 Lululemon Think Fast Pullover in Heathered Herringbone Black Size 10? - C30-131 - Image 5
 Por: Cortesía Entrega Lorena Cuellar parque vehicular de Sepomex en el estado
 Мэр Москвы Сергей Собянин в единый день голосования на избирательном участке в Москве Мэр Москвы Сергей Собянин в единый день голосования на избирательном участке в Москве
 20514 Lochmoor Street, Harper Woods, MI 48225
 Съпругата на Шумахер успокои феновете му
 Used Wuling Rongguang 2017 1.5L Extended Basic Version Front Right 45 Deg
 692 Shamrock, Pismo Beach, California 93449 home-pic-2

* * *

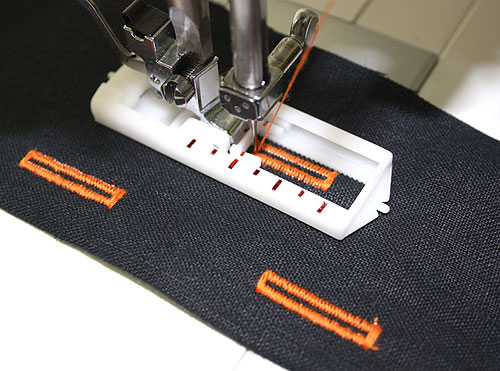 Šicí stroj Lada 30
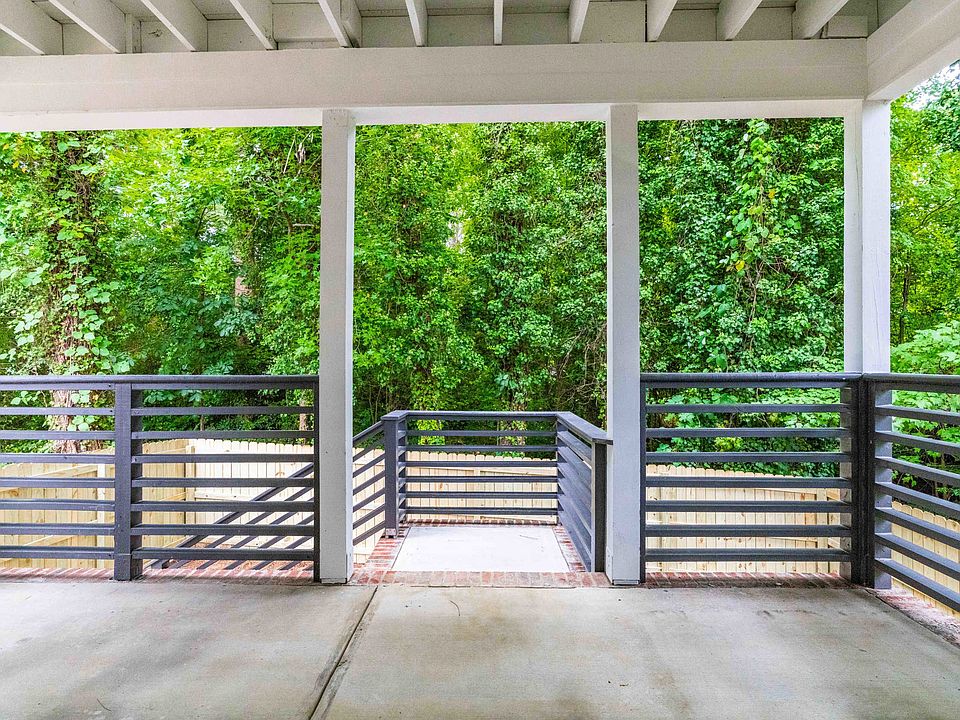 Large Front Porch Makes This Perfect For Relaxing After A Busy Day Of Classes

==

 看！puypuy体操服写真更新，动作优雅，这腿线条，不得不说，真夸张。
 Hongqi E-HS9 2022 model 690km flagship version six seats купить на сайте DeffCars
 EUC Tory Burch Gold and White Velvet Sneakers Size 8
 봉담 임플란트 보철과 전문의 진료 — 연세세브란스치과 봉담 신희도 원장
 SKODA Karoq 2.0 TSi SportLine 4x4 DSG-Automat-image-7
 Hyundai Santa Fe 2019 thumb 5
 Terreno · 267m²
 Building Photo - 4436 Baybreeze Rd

▶ PROMPT
After locating the line holding "봉담 임플란트 보철과 전문의 진료 — 연세세브란스치과 봉담 신희도 원장" above, output exactly that line and every line after it through the line holding "Building Photo - 4436 Baybreeze Rd". Include nothing else.

▶ TASK RESPONSE
 봉담 임플란트 보철과 전문의 진료 — 연세세브란스치과 봉담 신희도 원장
 SKODA Karoq 2.0 TSi SportLine 4x4 DSG-Automat-image-7
 Hyundai Santa Fe 2019 thumb 5
 Terreno · 267m²
 Building Photo - 4436 Baybreeze Rd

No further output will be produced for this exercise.